Can you imagine more blatant falsehoods and mischaracterization of the situation in Iraq? That is why we need the perspective of Steve Gilliard. In an essential post on Looking at Iraq from April 20, Gilliard reviews the US military's entire situation there. After all the air power, all the killing, all the home invasions, the imprisonment of tens of thousands of Iraqis, all the torture, and the flattening of Fallujah (supposedly to quell the hotbed of the resistance), here are a few of Gilliard's many pithy observations of the situation:
...

· The Iraqi resistance has also limited the use of the roadnet. Without convoys, resupply is impossible. This control is so dominant that US units now get some supplies by air.

· They have also thoroughly penetrated US assets in Iraq. No Iraqi unit can move without the guerrillas eventually finding out.

· US units are unable to leave their bases except on patrol.

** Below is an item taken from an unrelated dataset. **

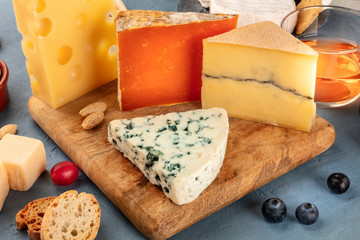 Cheese board. Blue cheese, red Leicester, Dutch cheese and others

During the Vietnam War, Americans could frequent bars and live in the cities. No American can live in Iraq without security at the risk of kidnapping and death.

· The lack of infantry leaves the US unable to sustain military successes when they do occur. The scarcest military resource is not armor, but trained combat infantry. Sure, you can send artillerymen out on patrol and get tankers on foot. But infantry is irreplaceable for guerrilla warfare.

Every day, US forces go out, take casualties and go back to their bases, trying to survive yet another attack that night. The US, in two years, have lost lives and material, but gained little. There is not one area the US can say that guerrillas cannot operate. And that is the most important fact. After two years and 1500 dead, the guerrillas control the highway to the airport, Baghdad's main drags and the country's highways.
The essential US propaganda front we hear repeatedly -- including in Collins's piece -- about the optimistic future of Iraqi forces creating ``security'' for Iraq is laid bare as a big lie by Gilliard.

US troops do not belong in this situation. No kind of ``Iraqiization'' of the project is possible while the US is casting its shadow and applying its firm hand. I completely come down on the side of Naomi Klein in any discussion about whether the troops should be brought home sooner rather than later. She goes even farther than Gilliard by explaining how security for Iraqis has never been the main objective of US policy. On Democracy Now! for April 20, Klein argued:
The resistance largely controls Baghdad at this point, a situation where there are between 50 and 60 attacks a day. The militias that Erik [Gustafson] is warning about already control large sectors of Iraq, because providing security for the people of Iraq has never, from day one, been a priority of this occupation. We saw the abandonment immediately by allowing the looting to take place and only guarding the Ministry of Oil, and it's only gotten worse. You know, when I was in Iraq a year ago, this was the most persistent complaint -- was spiraling crime. And that's actually how the militias were created. They were created as a response to the fact that US Occupation never, ever prioritized giving security to Iraqis. The other issue is this idea that somehow US forces are helping to train Iraqi police, and that it's just a problem of training. What's actually happening is that there is -- is that the greatest liability for Iraqis to gain control over their own country security-wise, is the fact that the security forces have been embedded in the occupation itself and are seen as an extension of the hated and loathed occupation. So they get attacked as collaborators and slaughtered. They're not provided with any protection, and so on. So the best way for them to build up their own force and their own credibility, which is really what's needed, is a clear break with the occupation, which means immediately announcing a withdrawal of troops and setting up a transition plan. The first step has to be the announcement of troop withdrawal.
Yes, bring home our relatives, friends, and neighbors who are asked to fight this war on false optimism and pretenses of future ``success'' that are really nothing like the truth Klein has outlined.